BRIEF
Where an entry contains a picture, omit the picture and repeat the rest exactly.

(Recorded data)
==*==

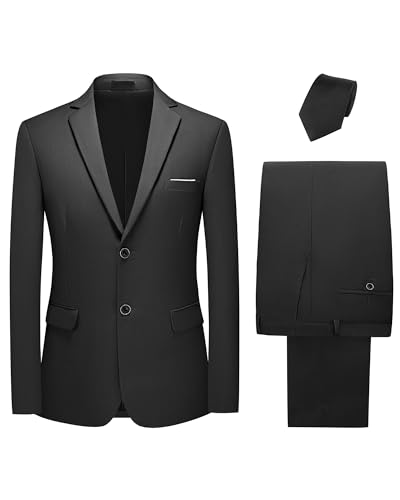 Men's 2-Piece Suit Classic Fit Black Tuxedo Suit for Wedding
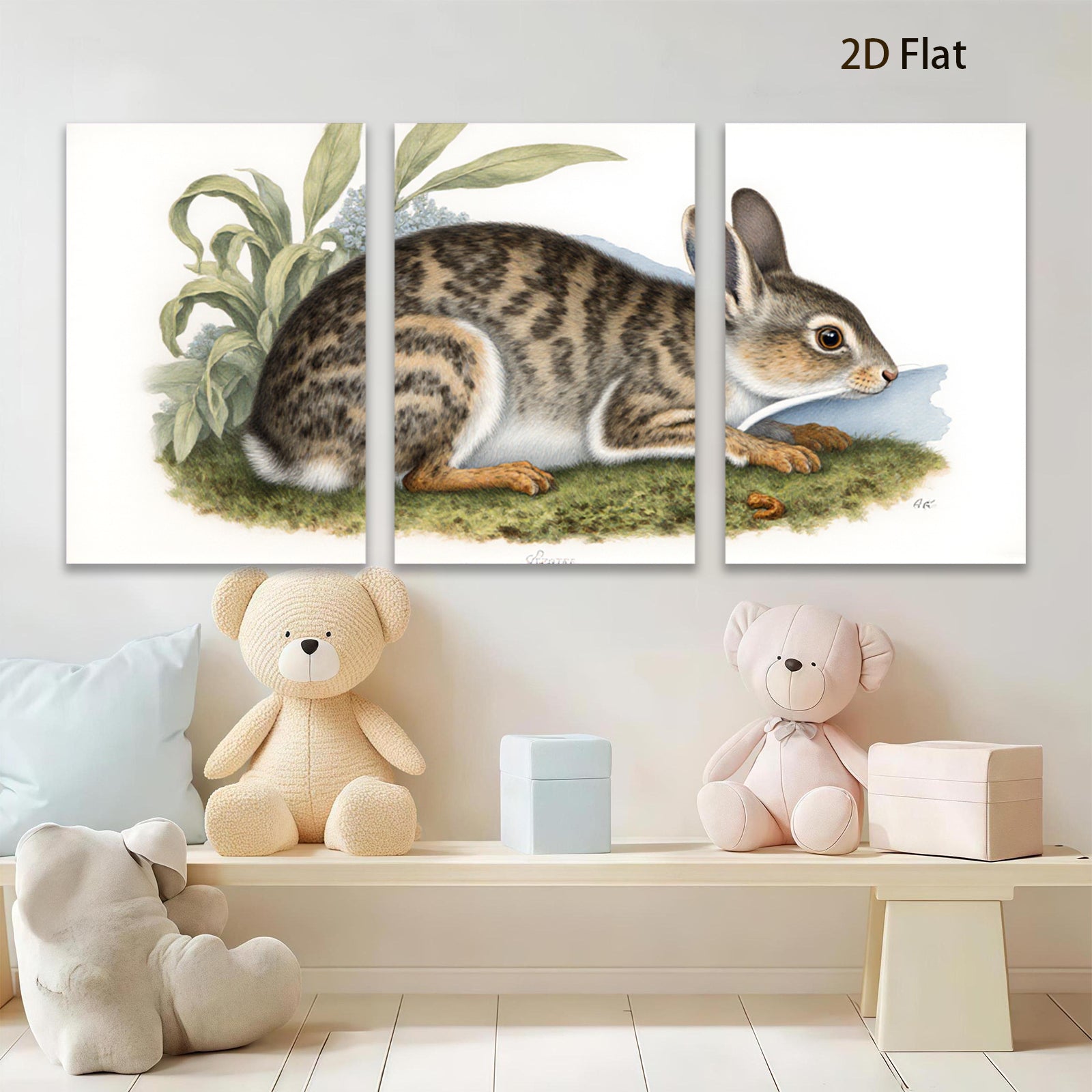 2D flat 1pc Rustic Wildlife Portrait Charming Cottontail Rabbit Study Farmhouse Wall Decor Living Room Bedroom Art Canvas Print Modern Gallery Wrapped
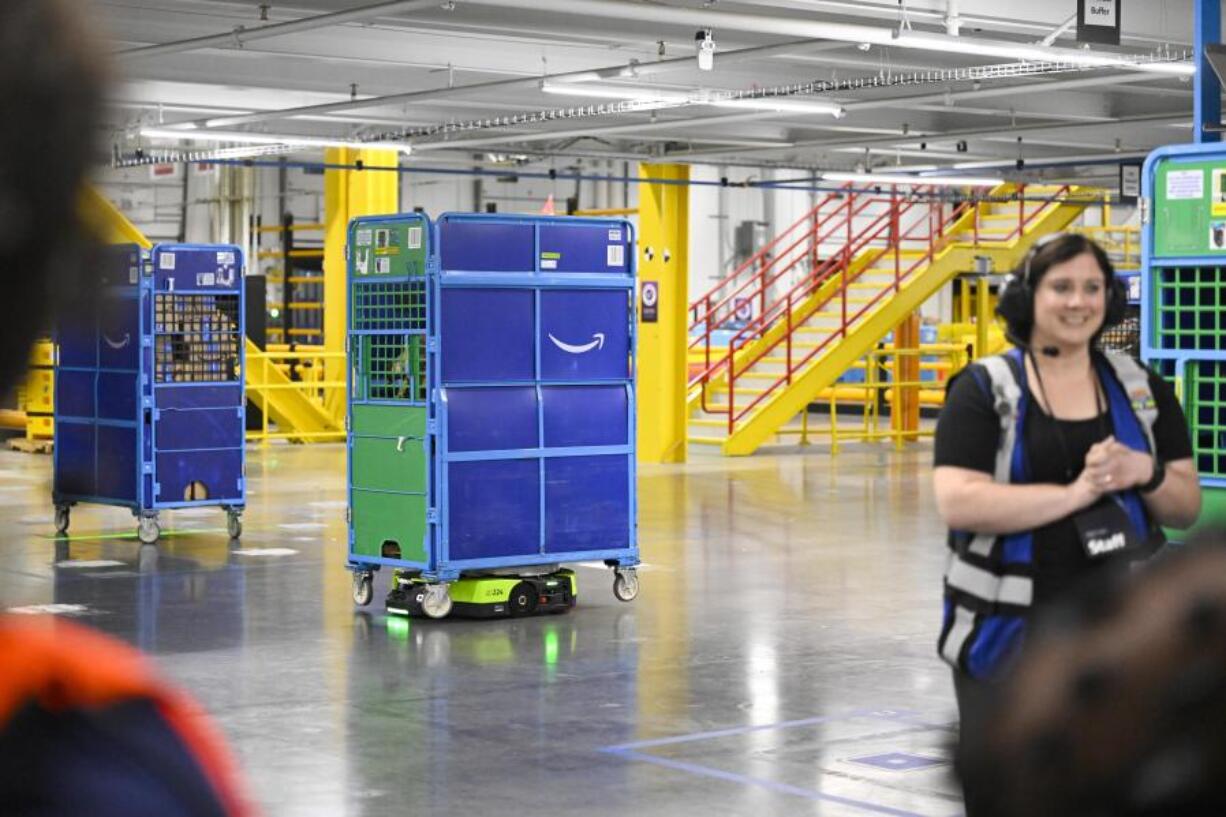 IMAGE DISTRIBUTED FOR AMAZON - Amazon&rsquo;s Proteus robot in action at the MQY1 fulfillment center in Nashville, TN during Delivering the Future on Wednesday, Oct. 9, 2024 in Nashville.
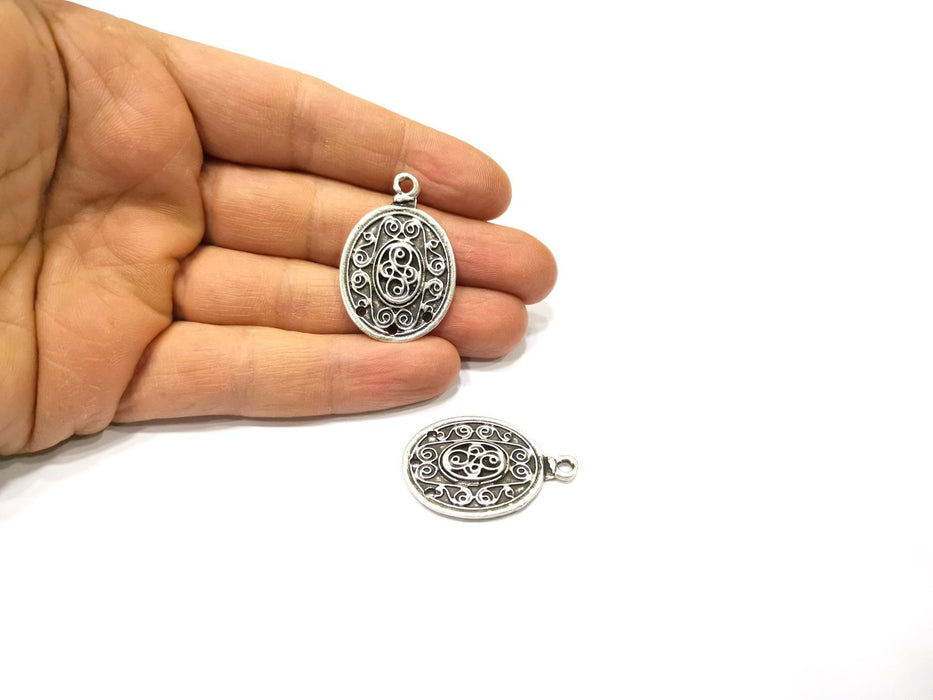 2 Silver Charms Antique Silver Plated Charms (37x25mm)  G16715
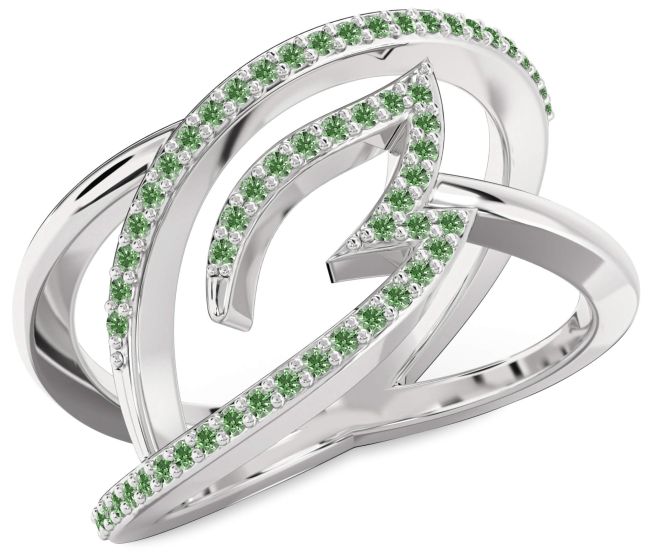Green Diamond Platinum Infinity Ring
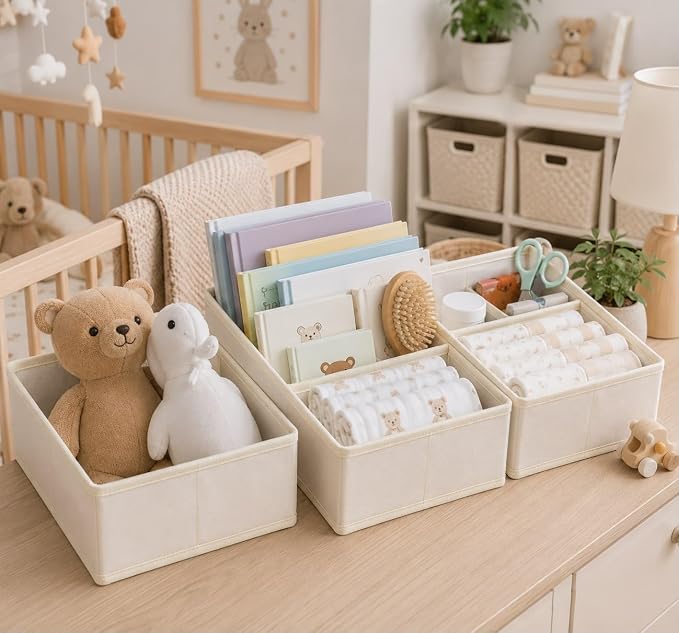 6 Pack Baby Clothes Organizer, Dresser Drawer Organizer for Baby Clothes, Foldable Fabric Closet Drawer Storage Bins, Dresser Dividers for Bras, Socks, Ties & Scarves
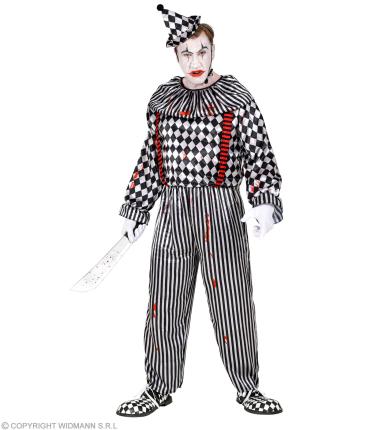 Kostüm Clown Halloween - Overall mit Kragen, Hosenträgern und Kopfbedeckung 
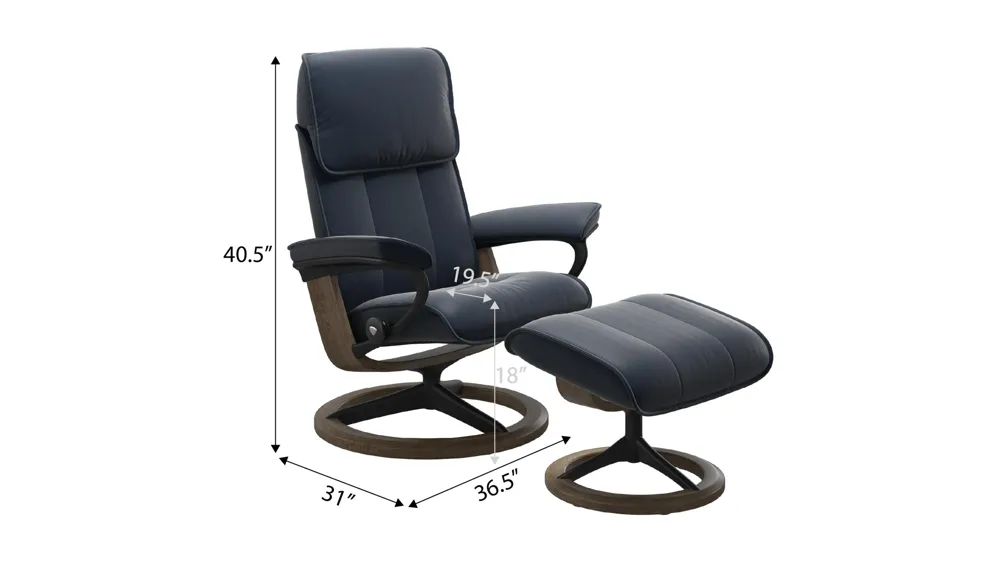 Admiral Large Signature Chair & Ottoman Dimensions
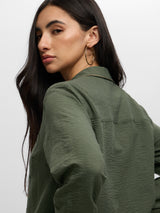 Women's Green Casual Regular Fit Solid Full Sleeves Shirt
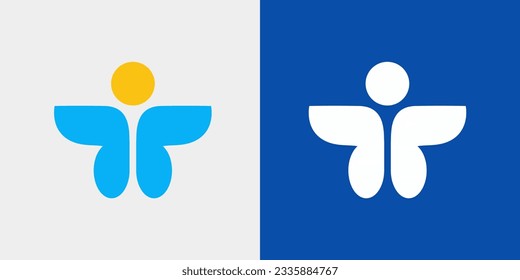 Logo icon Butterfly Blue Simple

==*==

TASK SOLUTION
 Men's 2-Piece Suit Classic Fit Black Tuxedo Suit for Wedding
 2D flat 1pc Rustic Wildlife Portrait Charming Cottontail Rabbit Study Farmhouse Wall Decor Living Room Bedroom Art Canvas Print Modern Gallery Wrapped
 IMAGE DISTRIBUTED FOR AMAZON - Amazon&rsquo;s Proteus robot in action at the MQY1 fulfillment center in Nashville, TN during Delivering the Future on Wednesday, Oct. 9, 2024 in Nashville.
 2 Silver Charms Antique Silver Plated Charms (37x25mm)  G16715
Green Diamond Platinum Infinity Ring
 6 Pack Baby Clothes Organizer, Dresser Drawer Organizer for Baby Clothes, Foldable Fabric Closet Drawer Storage Bins, Dresser Dividers for Bras, Socks, Ties & Scarves
 Kostüm Clown Halloween - Overall mit Kragen, Hosenträgern und Kopfbedeckung 
 Admiral Large Signature Chair & Ottoman Dimensions
 Women's Green Casual Regular Fit Solid Full Sleeves Shirt
 Logo icon Butterfly Blue Simple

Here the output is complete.